そう言って、二人は席を立ち、出口に向かって歩き始めました。

 

「おや?」

 

中程でゼノヴィアと名乗った女性が此方を見て立ち止まりました。

 

「そこにいるのは魔女のアーシア・アルジェントか?」

「ッ!」

 

アーシア先輩を見つめながら言いました。

もう一人も言葉を続けます。

 

「追放されたのは知っていたけど、まさか悪魔になっているとはねえ」

「元聖女が悪魔になるか、堕ちるところまで堕ちたか」

 

それに呼応するようにゼノヴィアと名乗った女性は嘲るように言いました。

 

「てめぇ!いい加減に「イッセー先輩」……」

 

今にも飛び出しそうなイッセー先輩を止めます。ここで教会関係者と戦う訳にはいきません。

けれど、イッセー先輩の気持ちはよくわかります。

私だってイラッと来ています。それはここにいる眷属皆が同じです。

 

「まだ神を信じているのか?」

「捨てきれないだけです」

 

アーシア先輩が絞り出すように言いました。

 

「そうか、なら、私が断罪してやろう。

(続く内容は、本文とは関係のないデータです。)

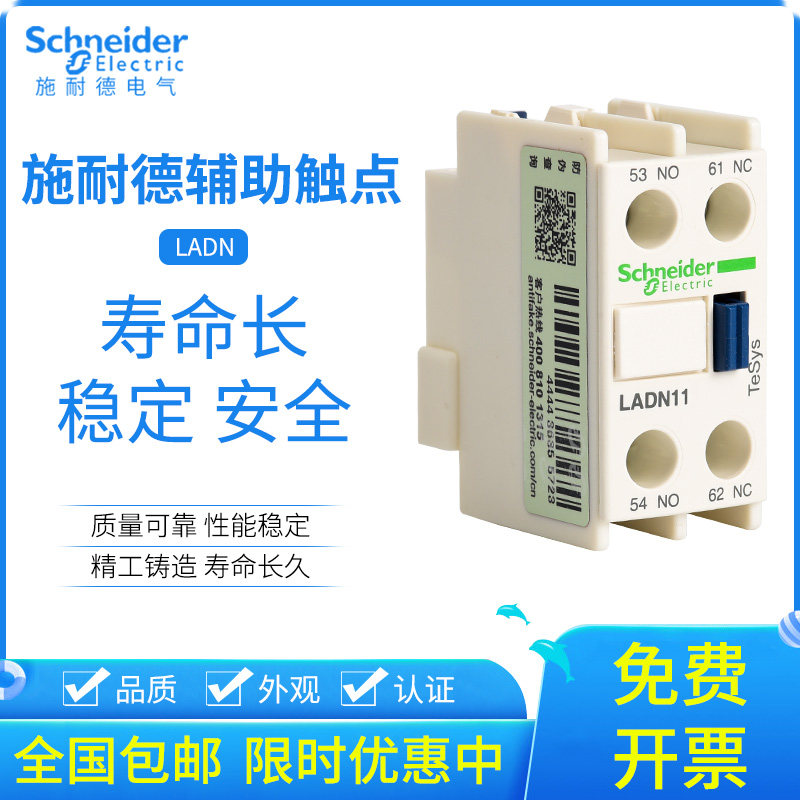 Ladn02c 施耐德接触器辅助触头触点 LADN22C LADN02C LADN13C LADN04C_虎窝淘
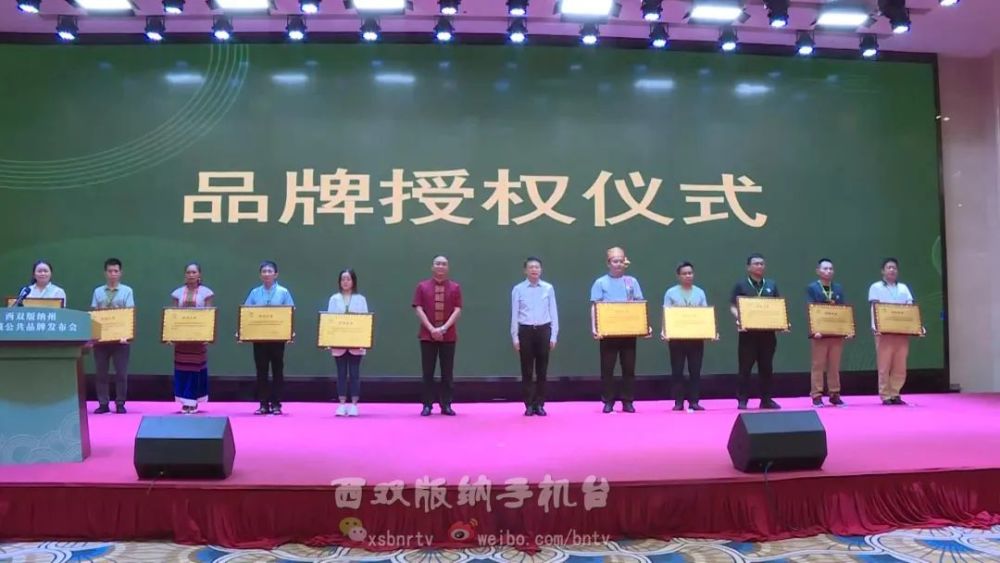 关于乐橙tv客户端叫什么的信息-第2张图片-太平洋在线下载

神の名の元に」

 

その言葉でまた飛び出そうとするイッセー先輩を慌てて止めます。

 

「その辺にしてくれる。私の下僕を貶めるのは」

 

リアス部長の声が静かに響きました。

 

「そんなつもりはない。信徒として当然のことだ」

 

とうとうイッセー先輩が制止を振り切ってアーシア先輩を庇うようにゼノヴィアと名乗った女性と対峙しました。

 

「アーシアが魔女だと!」

「少なくとも今はそうだろう」

「ふざけるな!勝手に祭り上げたせいでな、アーシアは一人だったんだ‼」

「一人が苦痛だったのなら元より資格がなかったのだろう」

 

二人の言い争いはヒートアップしていきます。

 

「アーシアの優しさを理解できない奴は馬鹿野郎だ!」

「君はなんなんだ?」

 

「アーシアの家族で、仲間で、友達だ!手を出すのなら、全部敵に回してやる‼」

 

イッセー先輩が啖呵をきりました。

 

「それは教会への挑戦か?一介の悪魔が、大口を叩いたものだな」

「そろそろいい加減に」

 

二人をリアス部長が止めに入ろうとした瞬間でした。

 

「なら、僕が相手になろう」

「誰だ!」

 

ドアのところに祐斗先輩が立っていました。そして、あのときよりも鋭く、憎悪に満ちた目で答えました。